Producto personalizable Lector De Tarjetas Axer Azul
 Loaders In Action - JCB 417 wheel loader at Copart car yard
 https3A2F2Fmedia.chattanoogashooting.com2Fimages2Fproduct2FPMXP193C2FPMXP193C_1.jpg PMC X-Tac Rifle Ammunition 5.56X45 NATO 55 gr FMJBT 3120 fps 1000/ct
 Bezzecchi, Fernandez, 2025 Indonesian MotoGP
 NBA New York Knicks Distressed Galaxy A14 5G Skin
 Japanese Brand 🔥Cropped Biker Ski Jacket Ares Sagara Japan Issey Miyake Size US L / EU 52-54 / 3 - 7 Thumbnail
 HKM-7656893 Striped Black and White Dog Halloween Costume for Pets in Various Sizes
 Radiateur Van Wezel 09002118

○ ○ ○

* **What is required**:
Restate the records word for word, keeping every line.

* **Task output**:
Producto personalizable Lector De Tarjetas Axer Azul
 Loaders In Action - JCB 417 wheel loader at Copart car yard
 https3A2F2Fmedia.chattanoogashooting.com2Fimages2Fproduct2FPMXP193C2FPMXP193C_1.jpg PMC X-Tac Rifle Ammunition 5.56X45 NATO 55 gr FMJBT 3120 fps 1000/ct
 Bezzecchi, Fernandez, 2025 Indonesian MotoGP
 NBA New York Knicks Distressed Galaxy A14 5G Skin
 Japanese Brand 🔥Cropped Biker Ski Jacket Ares Sagara Japan Issey Miyake Size US L / EU 52-54 / 3 - 7 Thumbnail
 HKM-7656893 Striped Black and White Dog Halloween Costume for Pets in Various Sizes
 Radiateur Van Wezel 09002118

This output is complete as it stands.